The line that contains "card_268_series_402_rarity_408_graph" marks the start. Please set it down, with every later line of the data, exactly and without pictures.

**The input:**
============================================================
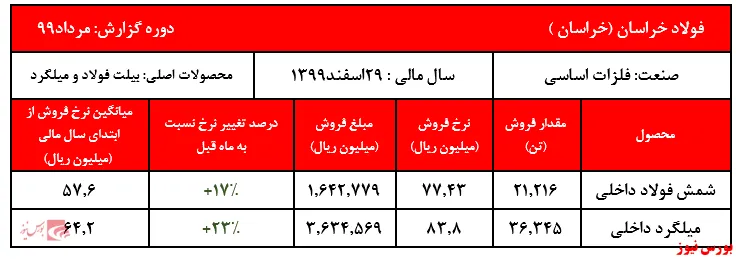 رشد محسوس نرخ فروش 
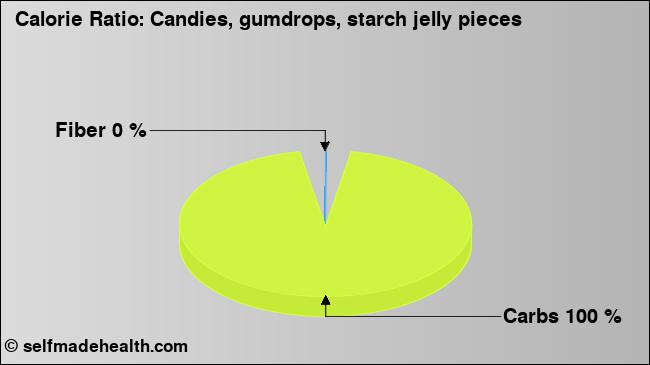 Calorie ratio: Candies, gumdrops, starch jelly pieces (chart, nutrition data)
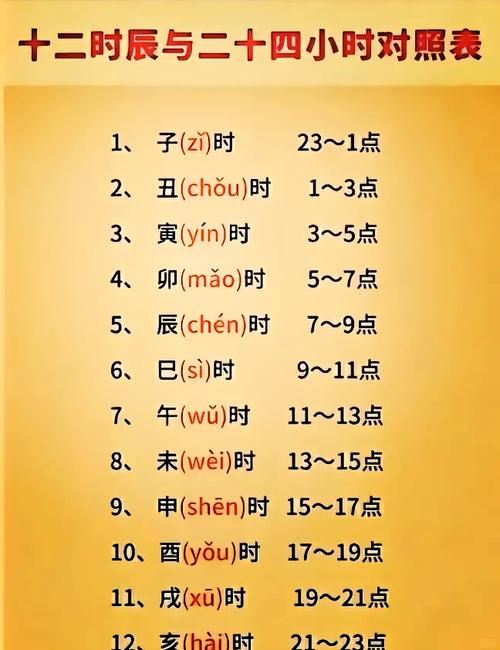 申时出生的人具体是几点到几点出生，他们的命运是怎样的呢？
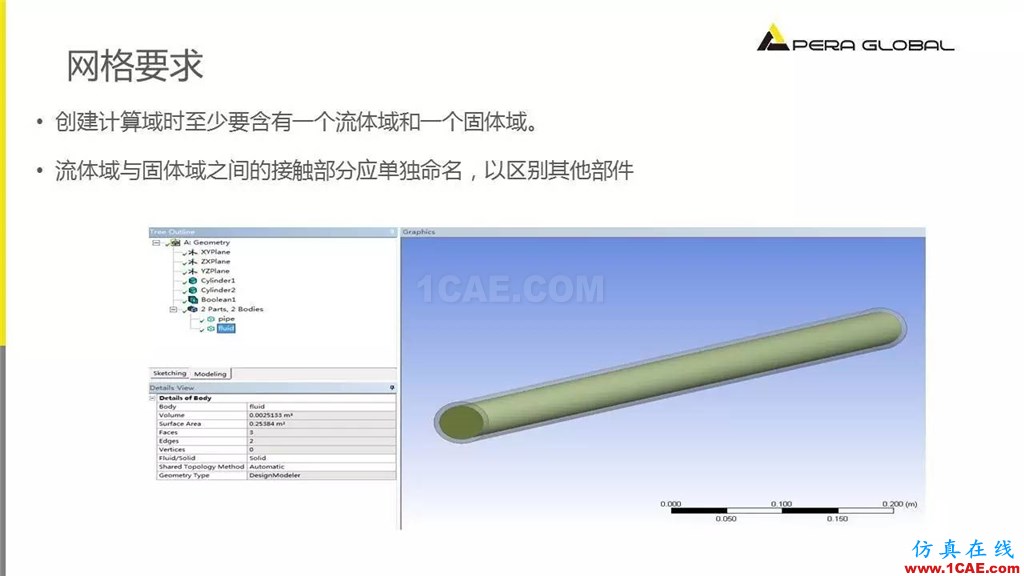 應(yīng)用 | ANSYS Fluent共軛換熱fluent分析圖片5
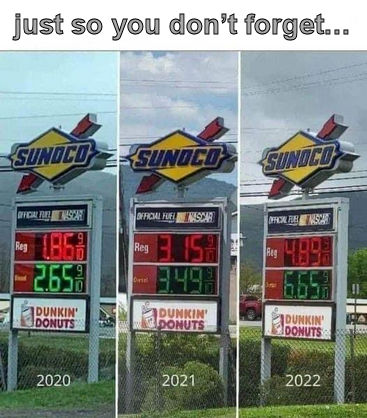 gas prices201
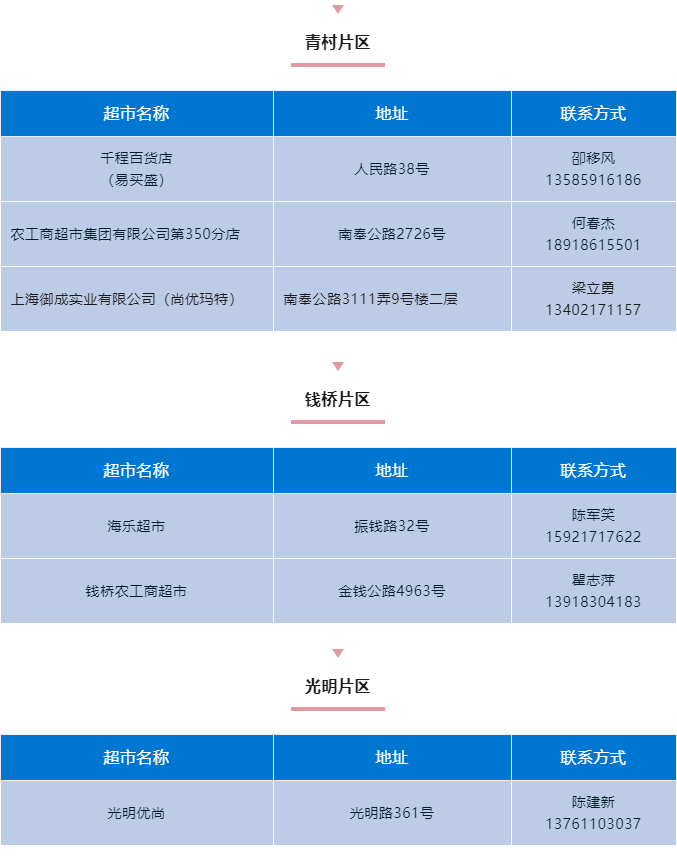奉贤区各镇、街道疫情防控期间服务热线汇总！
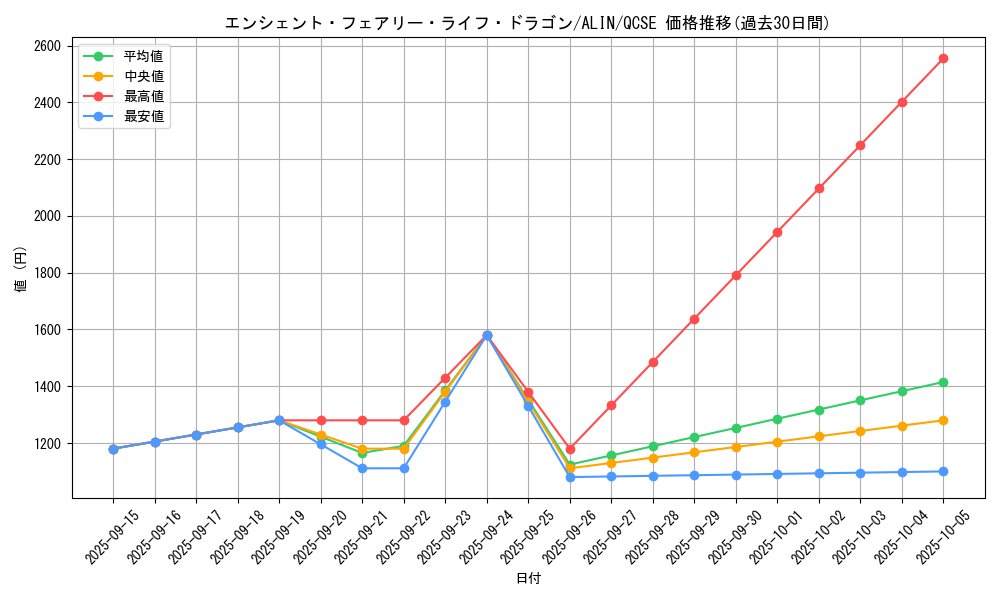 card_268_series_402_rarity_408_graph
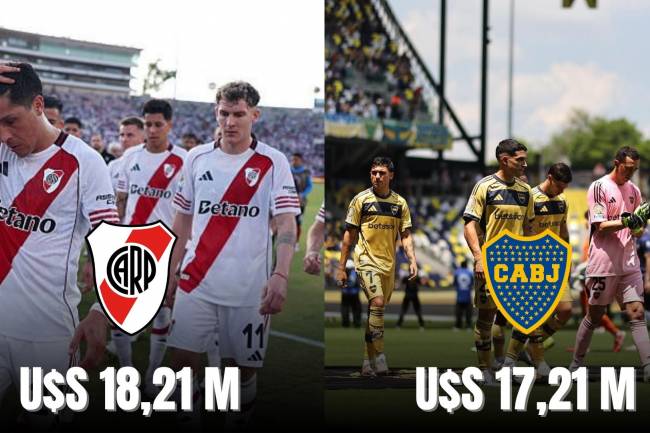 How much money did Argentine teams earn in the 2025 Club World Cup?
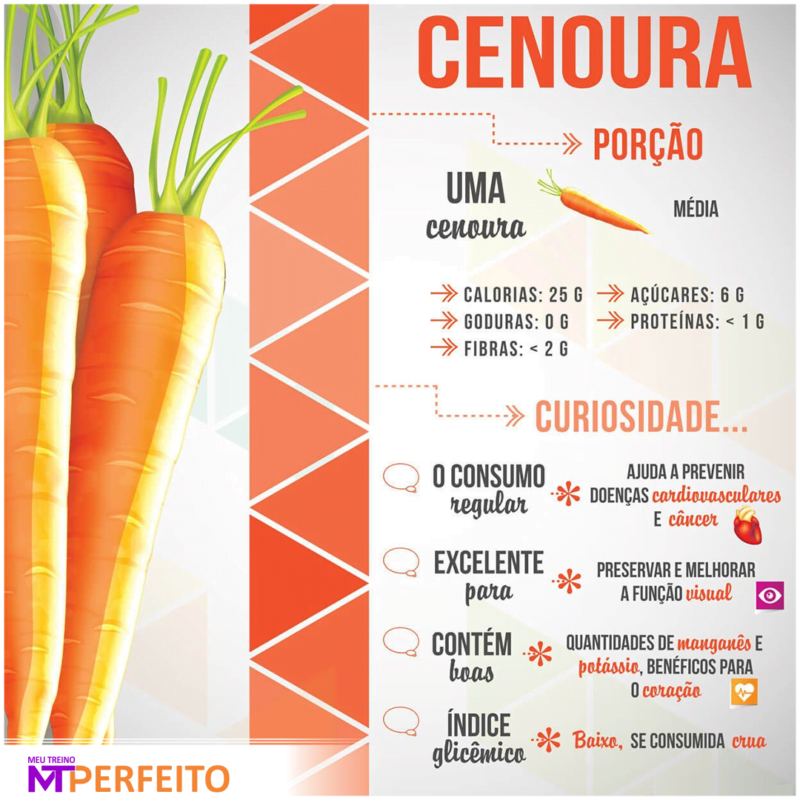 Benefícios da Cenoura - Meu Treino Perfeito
============================================================
**Response below:**
 card_268_series_402_rarity_408_graph
 How much money did Argentine teams earn in the 2025 Club World Cup?
 Benefícios da Cenoura - Meu Treino Perfeito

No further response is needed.